Records from a collection:
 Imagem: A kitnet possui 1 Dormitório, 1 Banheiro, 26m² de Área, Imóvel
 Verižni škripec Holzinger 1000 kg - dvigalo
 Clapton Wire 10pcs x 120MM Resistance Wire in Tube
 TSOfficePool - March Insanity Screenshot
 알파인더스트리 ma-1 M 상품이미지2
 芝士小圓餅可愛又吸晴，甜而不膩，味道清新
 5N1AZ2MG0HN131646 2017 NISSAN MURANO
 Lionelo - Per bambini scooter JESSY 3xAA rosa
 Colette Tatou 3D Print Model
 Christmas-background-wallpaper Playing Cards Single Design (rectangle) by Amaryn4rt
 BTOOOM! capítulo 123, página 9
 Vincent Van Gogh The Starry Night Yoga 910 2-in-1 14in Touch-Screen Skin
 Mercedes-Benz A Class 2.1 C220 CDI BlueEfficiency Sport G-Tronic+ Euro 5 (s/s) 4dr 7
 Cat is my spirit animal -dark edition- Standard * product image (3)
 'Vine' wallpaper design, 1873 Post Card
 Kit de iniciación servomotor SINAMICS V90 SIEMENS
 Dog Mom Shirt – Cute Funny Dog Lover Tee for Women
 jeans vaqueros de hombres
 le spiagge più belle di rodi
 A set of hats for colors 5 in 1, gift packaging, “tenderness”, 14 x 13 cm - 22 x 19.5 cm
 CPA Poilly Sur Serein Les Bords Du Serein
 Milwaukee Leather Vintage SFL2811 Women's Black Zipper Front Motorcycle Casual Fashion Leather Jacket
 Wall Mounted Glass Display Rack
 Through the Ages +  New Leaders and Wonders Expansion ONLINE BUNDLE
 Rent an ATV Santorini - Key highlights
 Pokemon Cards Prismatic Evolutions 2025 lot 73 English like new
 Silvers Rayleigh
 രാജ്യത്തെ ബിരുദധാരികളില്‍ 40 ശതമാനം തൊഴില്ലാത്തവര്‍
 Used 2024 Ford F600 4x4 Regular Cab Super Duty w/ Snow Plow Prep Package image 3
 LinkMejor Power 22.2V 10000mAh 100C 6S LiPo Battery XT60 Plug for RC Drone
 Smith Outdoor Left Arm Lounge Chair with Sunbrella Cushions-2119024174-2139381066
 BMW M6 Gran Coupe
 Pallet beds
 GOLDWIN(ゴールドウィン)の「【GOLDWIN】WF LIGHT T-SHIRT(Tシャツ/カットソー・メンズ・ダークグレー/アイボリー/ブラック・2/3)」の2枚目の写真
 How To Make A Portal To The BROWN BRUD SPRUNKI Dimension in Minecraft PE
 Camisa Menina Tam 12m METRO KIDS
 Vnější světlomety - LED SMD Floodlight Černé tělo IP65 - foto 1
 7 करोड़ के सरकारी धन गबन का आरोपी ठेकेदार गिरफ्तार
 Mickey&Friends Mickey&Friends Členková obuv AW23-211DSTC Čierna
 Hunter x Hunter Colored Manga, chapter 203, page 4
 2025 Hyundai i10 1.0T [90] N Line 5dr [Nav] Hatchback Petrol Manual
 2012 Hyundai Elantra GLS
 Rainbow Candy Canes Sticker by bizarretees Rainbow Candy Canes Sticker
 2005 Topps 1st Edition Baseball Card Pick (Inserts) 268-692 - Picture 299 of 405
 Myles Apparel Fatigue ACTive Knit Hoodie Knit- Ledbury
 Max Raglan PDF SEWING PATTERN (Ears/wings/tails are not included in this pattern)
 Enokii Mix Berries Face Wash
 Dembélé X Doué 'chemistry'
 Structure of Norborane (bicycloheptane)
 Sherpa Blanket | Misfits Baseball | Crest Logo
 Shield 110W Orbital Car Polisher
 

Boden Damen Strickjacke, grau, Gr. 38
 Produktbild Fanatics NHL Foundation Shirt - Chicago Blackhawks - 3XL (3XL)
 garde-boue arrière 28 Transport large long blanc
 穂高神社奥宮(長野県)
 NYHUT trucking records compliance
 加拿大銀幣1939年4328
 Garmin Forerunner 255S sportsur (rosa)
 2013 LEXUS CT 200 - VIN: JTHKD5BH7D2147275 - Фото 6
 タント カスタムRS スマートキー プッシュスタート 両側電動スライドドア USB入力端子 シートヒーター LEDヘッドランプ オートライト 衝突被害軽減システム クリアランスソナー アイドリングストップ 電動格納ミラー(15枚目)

TASK TO COMPLETE: Your reply should be an exact copy of every line from the line with "Boden Damen Strickjacke, grau, Gr. 38" through the final line of the data, and nothing more.

RESPONSE:
Boden Damen Strickjacke, grau, Gr. 38
 Produktbild Fanatics NHL Foundation Shirt - Chicago Blackhawks - 3XL (3XL)
 garde-boue arrière 28 Transport large long blanc
 穂高神社奥宮(長野県)
 NYHUT trucking records compliance
 加拿大銀幣1939年4328
 Garmin Forerunner 255S sportsur (rosa)
 2013 LEXUS CT 200 - VIN: JTHKD5BH7D2147275 - Фото 6
 タント カスタムRS スマートキー プッシュスタート 両側電動スライドドア USB入力端子 シートヒーター LEDヘッドランプ オートライト 衝突被害軽減システム クリアランスソナー アイドリングストップ 電動格納ミラー(15枚目)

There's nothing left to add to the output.